During the gyroid self-assembly process, several small, separated gyroid-phase regions or domains may start to form, and then grow. Since the domains evolve independently, the lattices describing them may not be identical, and can differ in orientation, position, or unit cell size. The interface between the domains will not be gyroidal: therefore, grain-boundary defects arise between gyroid domains. Inside a domain, there may be dislocations, or line defects, corresponding to the termination of a plane of unit cells; there may also be localised non-gyroid regions, corresponding to defects due to contamination or inhomogeneities in the initial conditions.


Volume rendering of a domain wall in a simulated gyroid mesophase. Oil is coloured red, water is blue, and the interface between the two, containing surfactant, is coloured green.

While equilibrium gyroid mesophases and their defects are observed experimentally, it is desirable to formulate a theoretical or computational model to better understand how and why they form and how they evolve.

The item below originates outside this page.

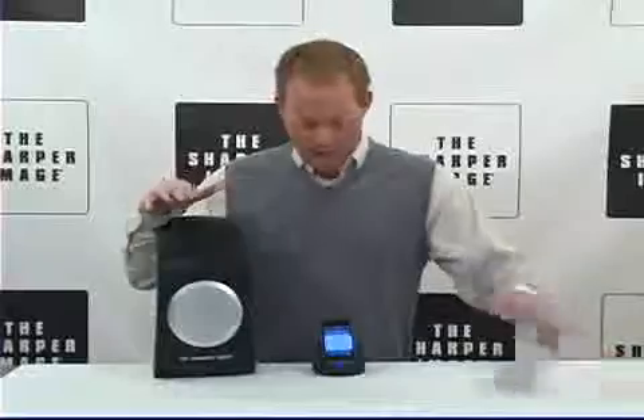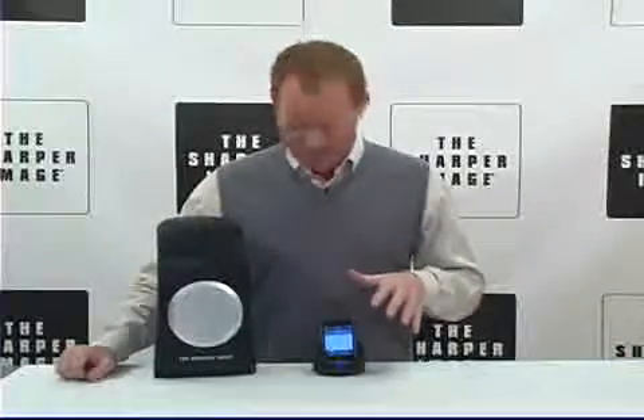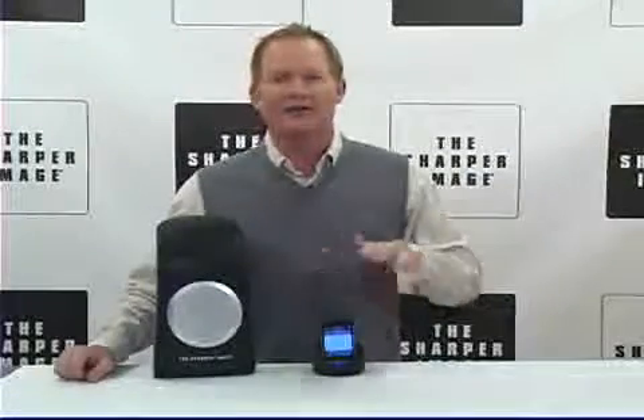I'm David from Sharper Image, enjoying my indoor outdoor wireless speaker. You can use this 150 feet away and it wirelessly transmits. It's got dynamic full range sound. You can be outside while this is inside — set your playlist in advance and then be outside enjoying the party. It's water resistant.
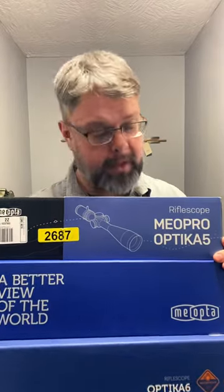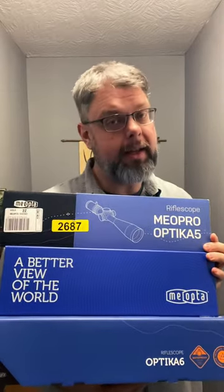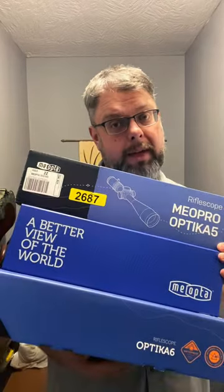As you can see, I'm a fan. For the money — one of these costs $350, the other two cost around $600 to $700 — the glass quality is quite good and the features you get are pretty darn good for the price. I highly recommend Mioptiscopes.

Much effort has been invested in theoretical and computational modelling of liquid crystals. Nematic liquid crystals have been modelled using the Leslie-Erickson formulation [8] ; Monte Carlo [9][10] and Molecular Dynamics [11] simulations have provided some insight, but reaching regimes where hydrodynamic effects are significant is currently computationally unfeasible with these techniques.

Lyotropic liquid crystals, of interest in this paper, have also been studied extensively [12] through techniques such as free-energy methods [13][14] and through consideration of the interface between the lipid and water phases; again, most treatments have been limited to examination of the equilibrium state and its stability.

We used a lattice Boltzmann model, which employs a ``bottom-up'' approach to model interactions between particles [15][16] including surfactants [17] , postulating a form of interparticle potential rather than using a free-energy-based technique.

On a sufficiently small lattice, the gyroid may evolve to perfectly fill the simulated region, without defects. As the lattice size grows, it becomes more probable that multiple gyroid domains will emerge independently, so that grain boundary defects are more likely to appear and the time required for localized defects to diffuse across the lattice increases making it more likely that defects will persist. Therefore, examination of the defect behaviour of surfactant mesophases requires the simulation of very large systems. This was achieved as part of the TeraGyroid project, where systems on lattice sizes of up to 10243 were simulated by linking together multiple geographically-distributed supercomputing resources to form a computational Grid [18][19].

Images from TeraGyroid

We have been able to observe many hitherto unseen features of the gyroid evolution, and publications are in preparation. Below are some images generated from the TeraGyroid simulations.


Isosurface showing the oil-water interface on a 2563 simulation. The interface is coloured to show surfactant distribution, which is nonuniform, inducing currents which in turn lead to interface deformation.



Blob structures in a domain wall between two chiral gyroid domains.



A virtual transmission electron micrograph of a simulated gyroid mesophase with defects.